American Math Competitions are fun but not easy at all. It is always a humbling experience as there is no such thing as an easy AMC. Most (if not all) problems in the AMCs are something that you have not seen before and you have to solve 25 problems in 75 minutes. AMC10 is mainly taken by the students who are in 9th or 10th grade and some younger grades participate as well.
Both of these tests can be found here.
I didn’t do great on AMC 10A. I got stuck on problem #10 and spent way too long trying to solve it, eventually skipping it. The same happened for problem 16 and 17. This frustrated me and even though I solved 18,19, and 20; I lost the momentum and overall only solved 17 problems as I ran out of time. I came home very disappointed in myself but decided to still keep positive attitude and promised myself to manage time better on AMC 10B.
This time 10B was within a few days of 10A so you really cannot prepare a lot more in a week. I did much better in 10B and kept a healthy pace as I moved along the problems. I did not get stuck on any problem fortunately and I was able to solve 23, out of which I got 22 correct.

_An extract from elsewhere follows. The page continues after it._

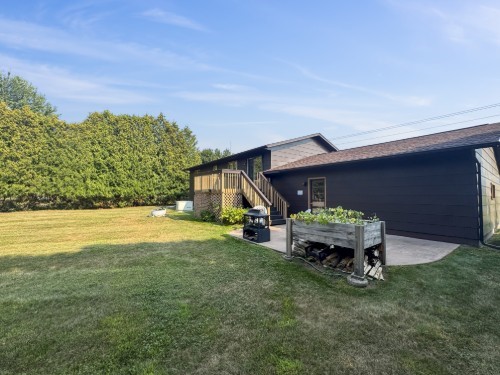 18748 50th Avenue Property Photo 4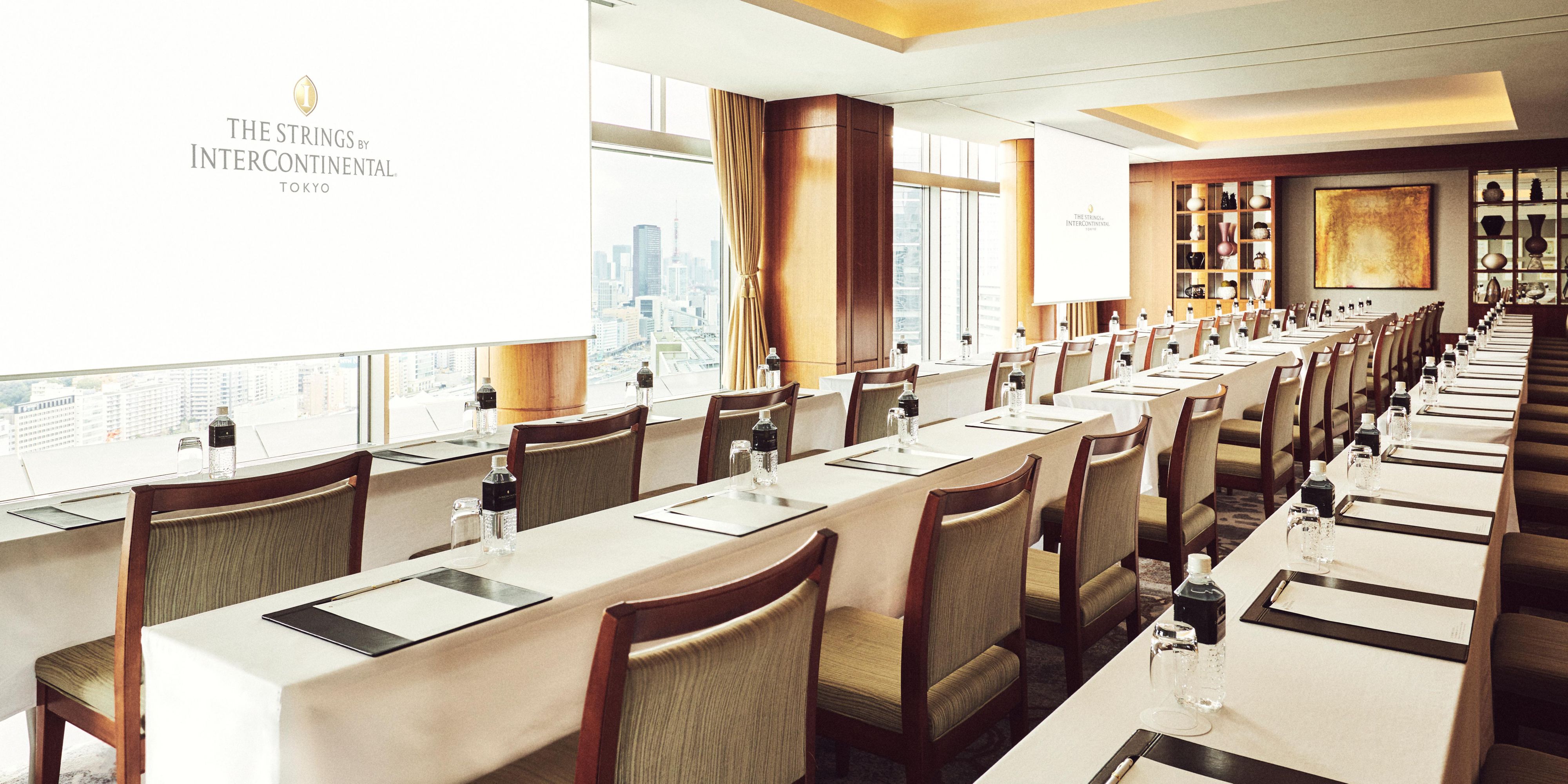 Whether you plan to host a business meeting, social function, or memorable meal, you’ll find everything you need at The Strings. Our inviting venues are able to accommodate a variety of gatherings, and our dedicated event coordinator will work closely with you to make sure everything goes smoothly and meets your expectations.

The biggest lesson I learnt was to not get discouraged and give up after 10A and still go with a positive attitude and mindset for 10B. Only top 2.5% of all AMC 10 applicants get qualified for the next round (AIME) which can be frustrating for the 97.5% of the test takers. My advice is to practice as many problems as you can when you have free time throughout the year. The more tools you have at your disposal, the better you will do in these contests. However, these contests are not easy and if you don’t do well on one of them then practice more and you will do better next time. For girls who qualify for AIME, they also tend to get invited for Math Prize for Girls at MIT.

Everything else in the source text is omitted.